_About this exercise_
These records contain pictures, which must be left out; copy exactly the lines from the one with "Lasocki Sandały ARC-3032-23" up to and including the one with "Modern Map - Florida UY Stock Illustration".

-------- Record excerpts

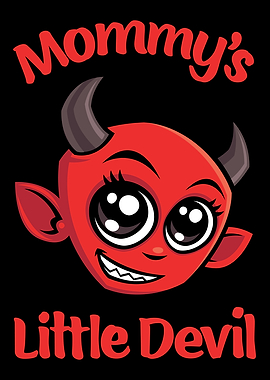 Cute Mommy's Little Devil Cartoon Design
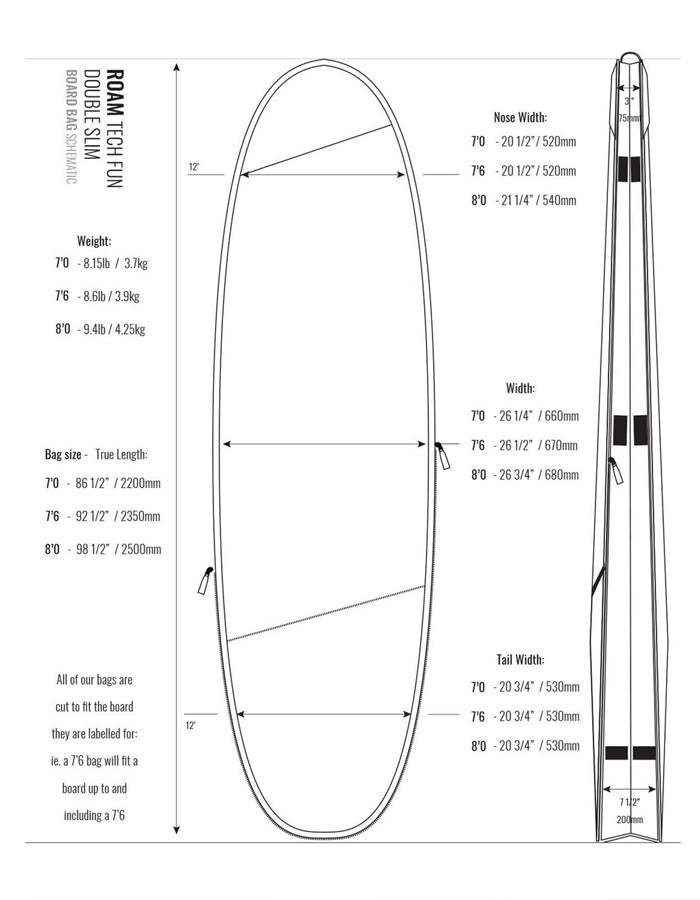  ROAM 8'0" TECH BAG DOUBLE SLIM FUNBOARD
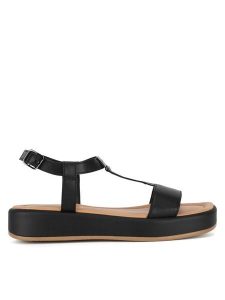 Lasocki Sandały ARC-3032-23 Czarny. Czarne sandały Lasocki, bez wzorów, ze skóry, bez obcasa, na płaskiej podeszwie, bez zapięcia. Za 95,99 zł.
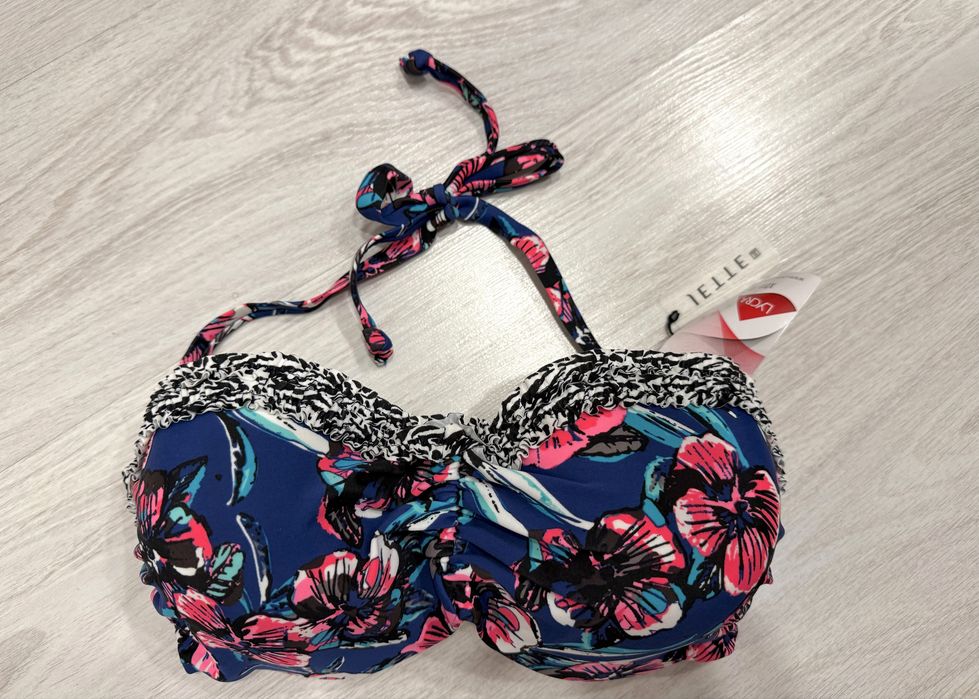 Jette góra od bikini granatowa w kwiaty 36E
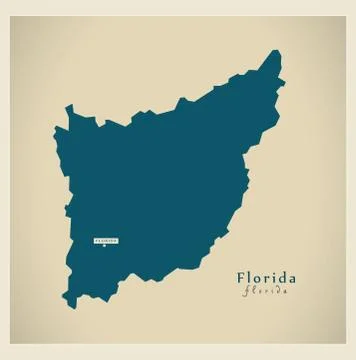 Modern Map - Florida UY Stock Illustration
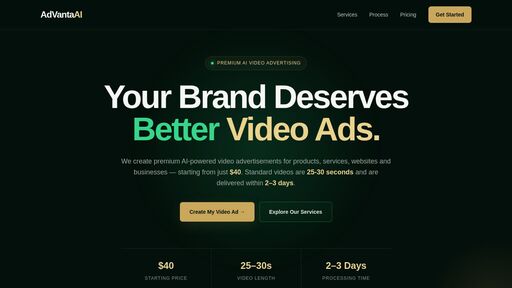 screenshot of AdVanta AI — Premium AI Video Advertising - wzwb2yin3zqpwahqw6662pxzho3evcszeehybhbymx5viai2ec3xr6qd.onion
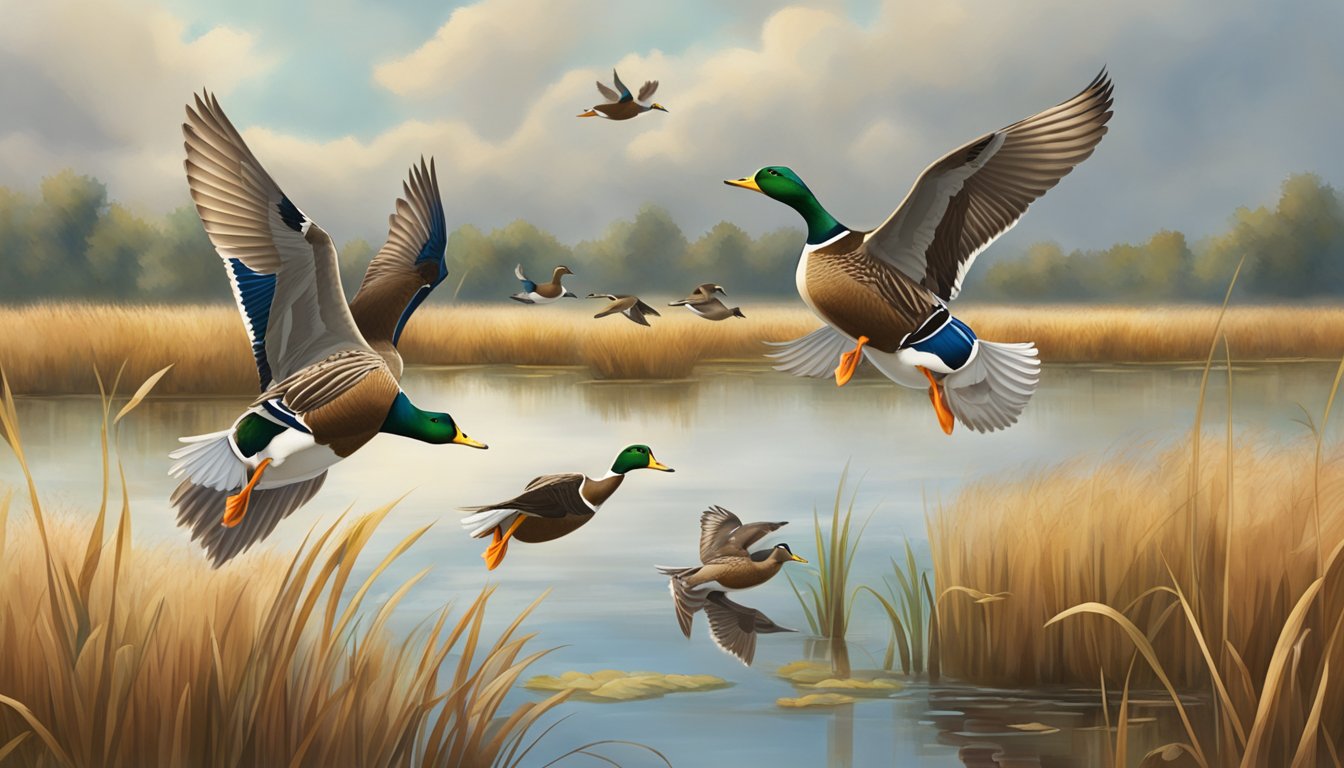 A group of mallard ducks flying over a marshy wetland, surrounded by tall grass and cattails. The sky is overcast, with a hint of autumn colors in the foliage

----------------

_Solved problem_
 Lasocki Sandały ARC-3032-23 Czarny. Czarne sandały Lasocki, bez wzorów, ze skóry, bez obcasa, na płaskiej podeszwie, bez zapięcia. Za 95,99 zł.
 Jette góra od bikini granatowa w kwiaty 36E
 Modern Map - Florida UY Stock Illustration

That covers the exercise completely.